Most states and many municipalities are legally required to pass balanced budgets each year. But a budget that is balanced isn’t always one representing a healthy spending plan. At the most basic level a sustainable operating budget is one where “normally occurring revenues are equal to your normally occurring expenditures,” says Suzanne Finnegan, chief credit officer for Build American Mutual. “And alternatively,” she adds, “extraordinary sources of revenue are used for extraordinary, one-time expenditures.”
New Jersey had its credit rating downgraded in 2014 because it was relying on one-time fixes to plug budget holes this year and not paying its long term liabilities. Its $807 million budget gap would also be much larger if the state hadn't pumped $91.6 million worth of one-time tobacco settlement money into the general fund this year.
In the eyes of credit ratings agencies, “regularly occurring expenditures” extend beyond the daily expenses of salaries and supplies to include long-term liabilities like retiree healthcare and benefits payments.
The following are some of the major areas where states and cities can cheat – and often do – en route to “balancing” the budget.
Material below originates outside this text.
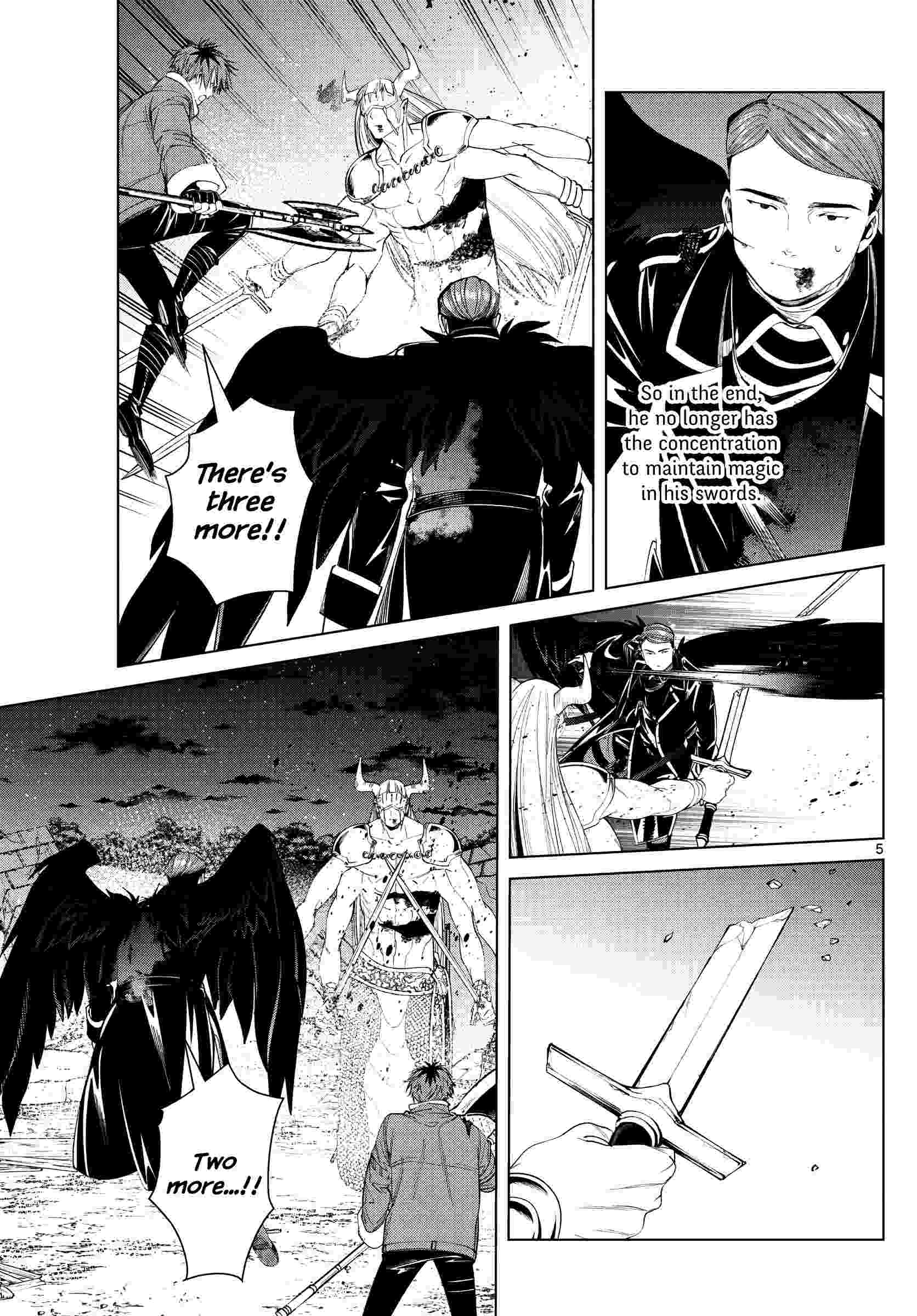 Page 5 of Chapter 76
Budgets that include these practices are generally not considered sustainable spending plans.
States and cities often don’t pay what they need to every year in order to keep pension plans fully funded. Employees have their contributions automatically taken out of their paychecks. But the government employer has to set aside money in the budget for its share. If money is tight, the government might only pay some (or none) of what is needed for the government to make good on its benefits promises down the road. Pension funds still pay out to existing retirees, however, so the consequences aren’t felt immediately. But the government skimping on a payment leaves the pension fund less healthy at the end of the year than it started.
Illinois has consistently underfunded its pension obligations over the last decade. Once a well-funded operation, the state's pension fund today has less than 40 percent of the money it needs to make good on all its benefits promises for the future.
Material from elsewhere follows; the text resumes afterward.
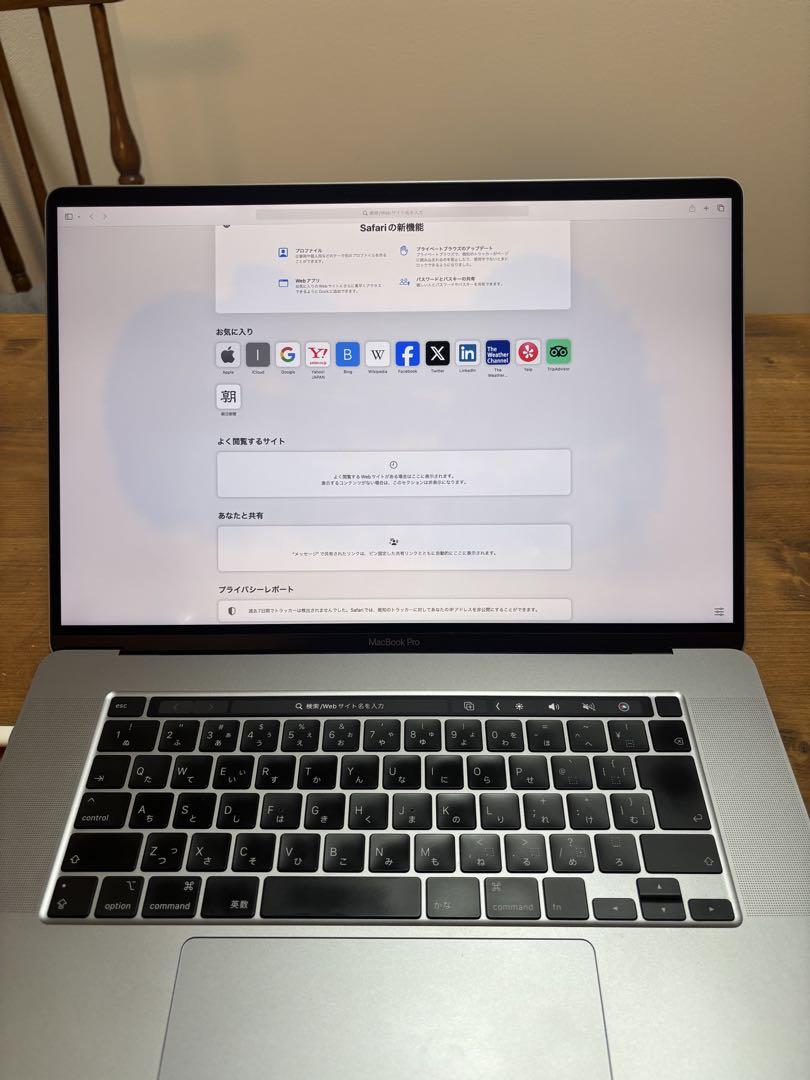 MacBook Pro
Deferring maintenance on infrastructure is one of the easiest things to do, particularly because maintenance can seem like an “extra” cost. There’s no visible problem, so the desire to spend money isn’t always there. Sadly, deferring maintenance has become very much the norm across America. Hence, the consistently below-average grades doled out every four years by the American Society of Civil Engineers, which rates the condition and performance of the nation’s roads and bridges.
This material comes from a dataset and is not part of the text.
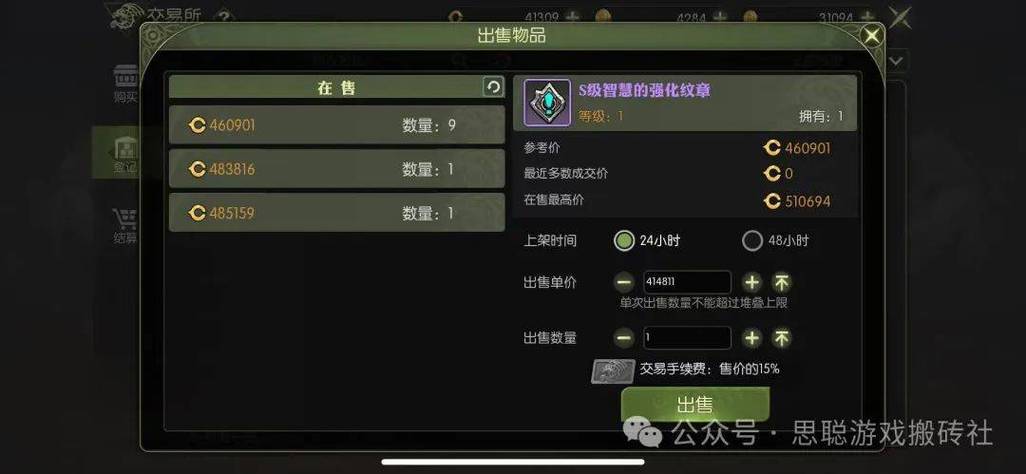 龙之谷90赚钱攻略_现在龙之谷怎么搬砖_龙之谷怎么赚钱人民币2020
Unlike pension liabilities, which will likely be the next generation’s problem, the bills from deteriorating infrastructure are coming due today. The lesson isn’t really sticking, however. In the wake of a Minneapolis bridge collapse that killed 13 people in 2007, states closed bridges, reduced weight limits or made immediate repairs. In 2012, the Federal Highway Administration said 67,000, or 11 percent, of the nation's bridges were structurally deficient — an improvement of one percentage point in the five years since the collapse.
Rainy day funds are there for a reason – when the economy contracts, governments are still expected to provide. Consequeently, many will have to draw upon their reserves at that point. Five states — Arkansas, Colorado, Illinois, Kansas and Montana — did not have specifically designated rainy day funds at the onset of the 2008 recession. In a report on the topic, the Center on Budget and Policy Priorities (CBPP) points out that these states (except Montana) “were hit hard by the recent economic downturn, and the lack of a rainy day fund left them more vulnerable to the recession’s effects,” the report said. Among these states, Illinois completely depleted any leftover money it had from previous operating budgets during the recession.
Regularly drawing down reserves, however, is not a sustainable way to balance a budget. In particular, using reserve funds during a budget year that also includes a spending increase will at a minimum create red flags in the eyes of credit ratings agencies.
In the 1980s and '90s, Washington, D.C., consistently hit deficits as mayoral administrations outspent their budgets and squandered reserve funds in the process. In 1995, a Congressional control board took over the city's finances and didn't give budgeting power back for eight years.
Governments that consistently turn to their reserves are not living within their means and are also placing themselves in a precarious position for the next economic downturn.